No line before the one holding "韶关市曲江区交通运输局扶贫资金使用情况公示表.jpg" is wanted; restate word for word that line and all lines after it to the end of the entries, excluding pictures.

**** Task data ****

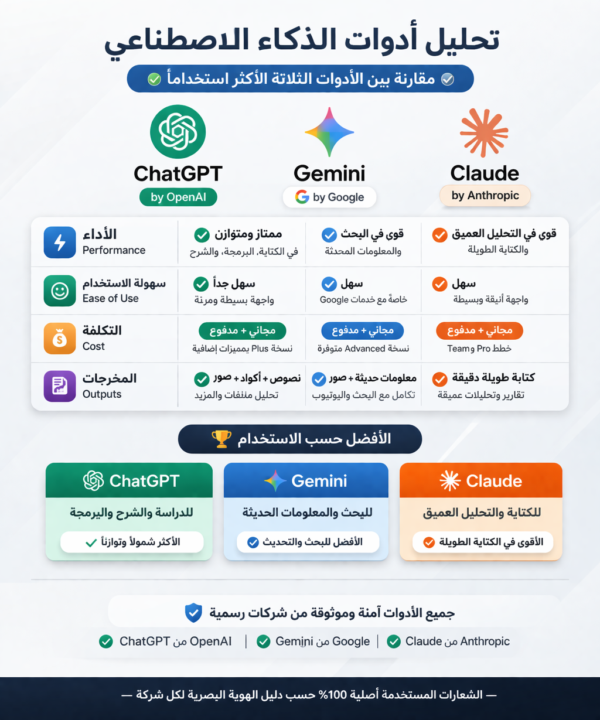B مهمة الاسبوع الاول 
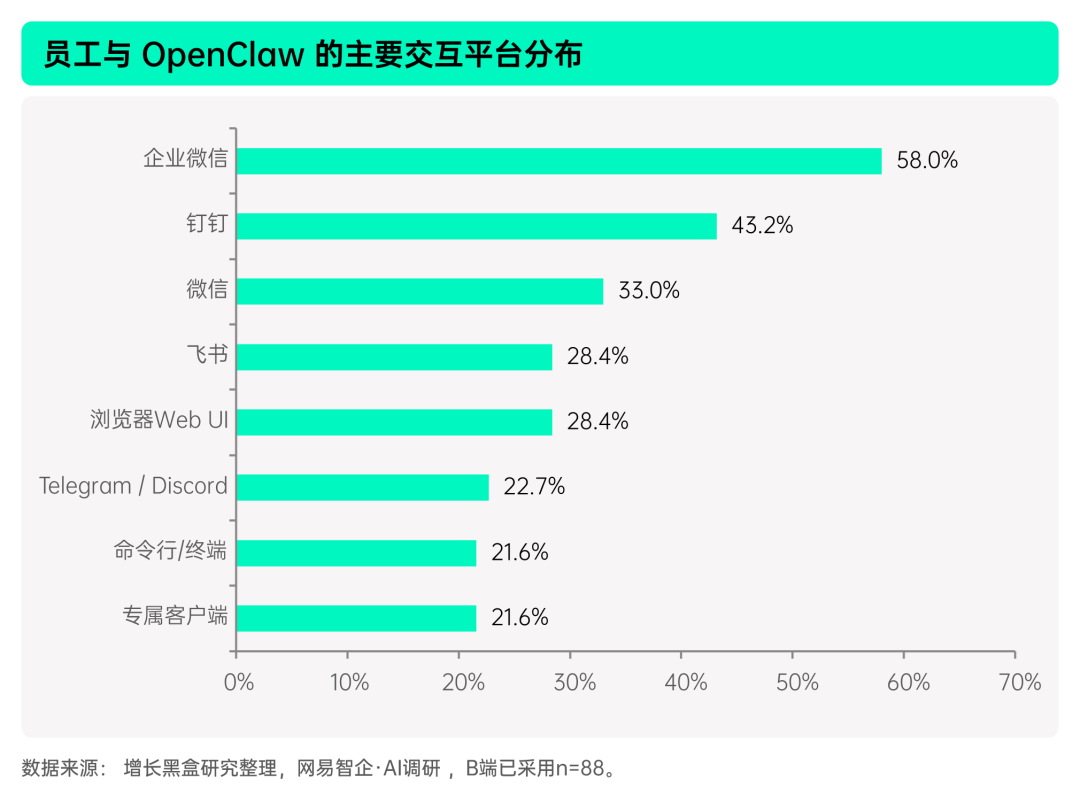 企业员工接触OpenClaw的IM入口分布图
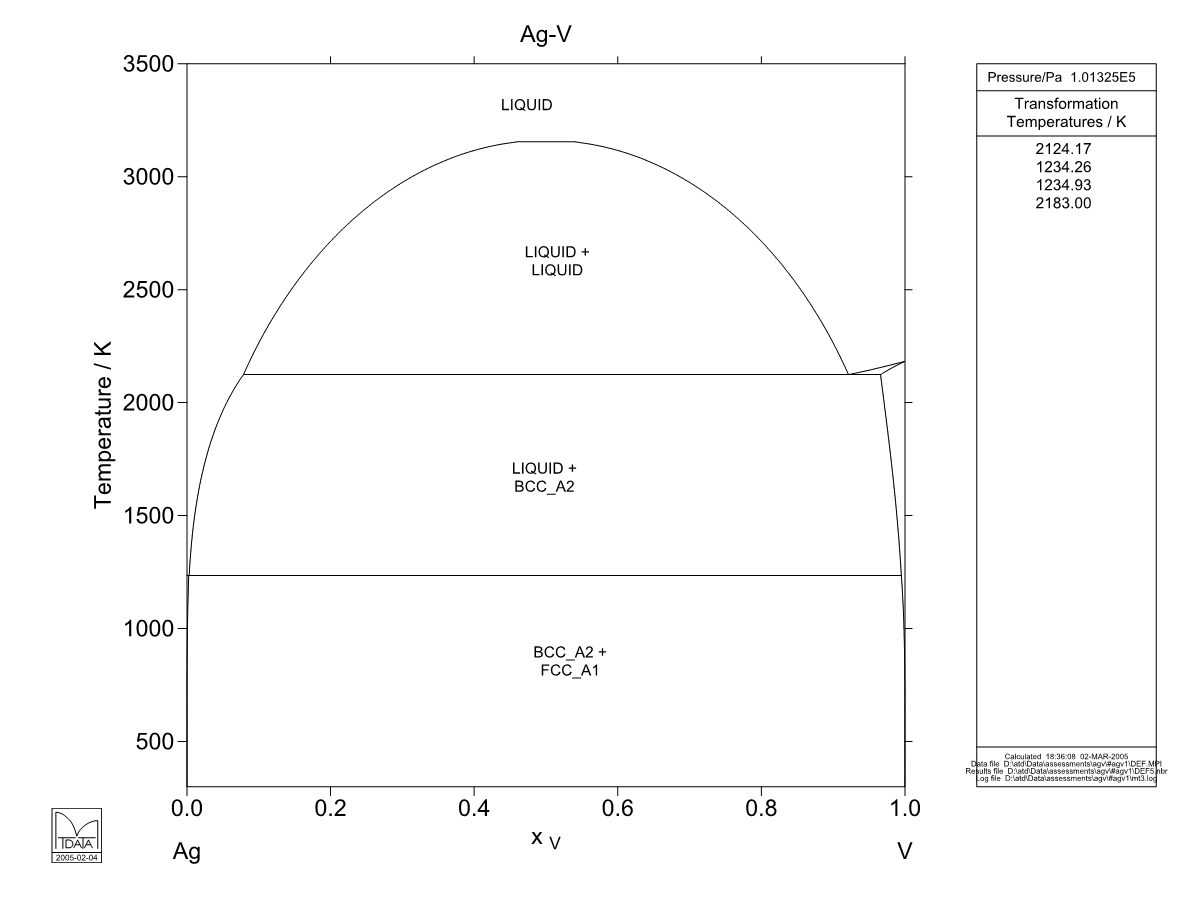 Ag – V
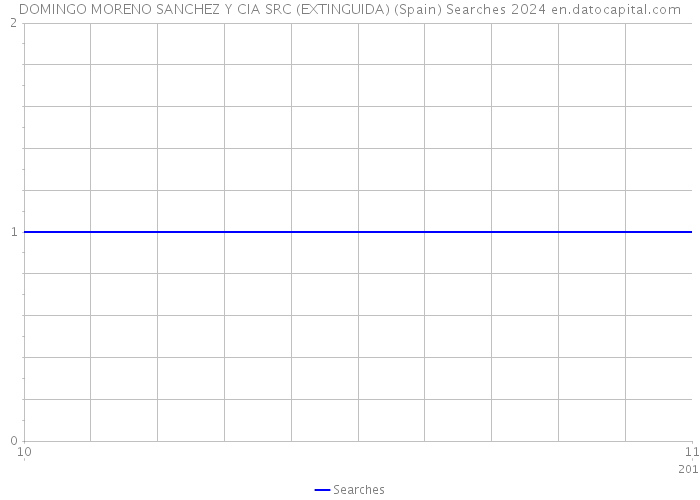 DOMINGO MORENO SANCHEZ Y CIA SRC (EXTINGUIDA) (Spain) Searches 2024 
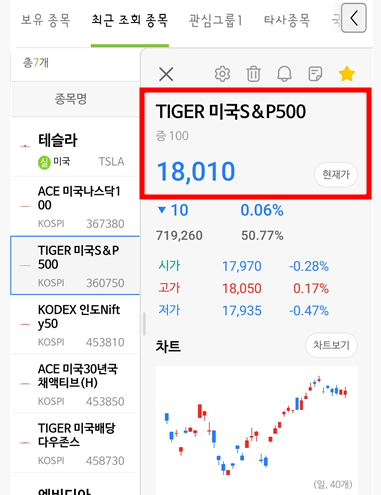 ETF가격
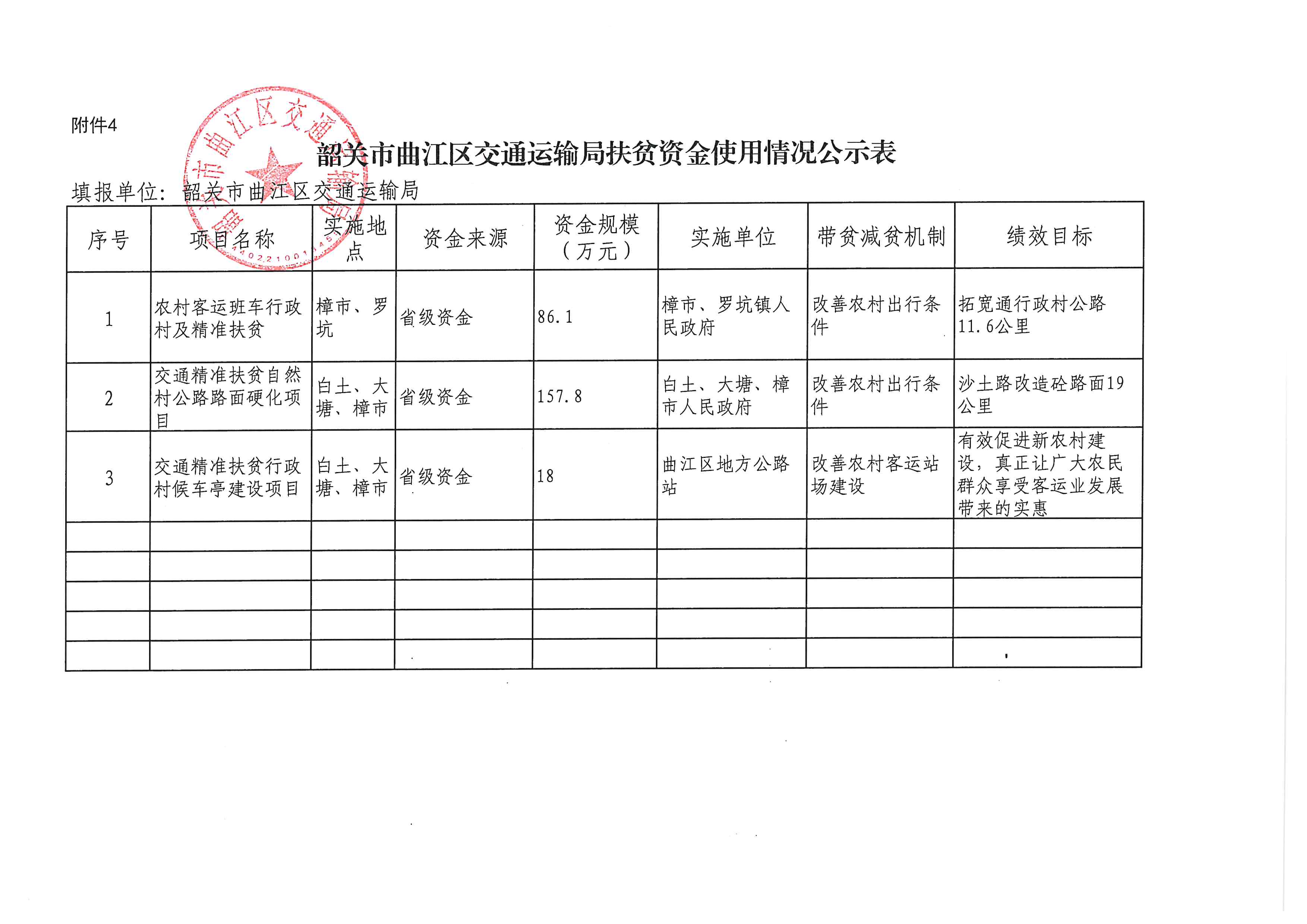 韶关市曲江区交通运输局扶贫资金使用情况公示表.jpg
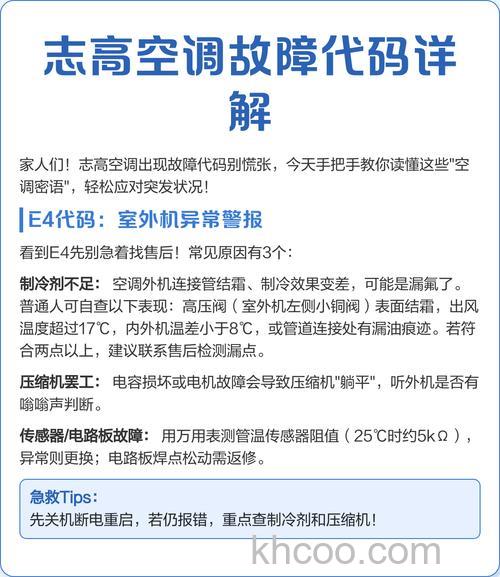 志高空调不制冷怎么回事 志高空调不制冷原因分析【详解】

****

→ **Worked solution**
 韶关市曲江区交通运输局扶贫资金使用情况公示表.jpg
 志高空调不制冷怎么回事 志高空调不制冷原因分析【详解】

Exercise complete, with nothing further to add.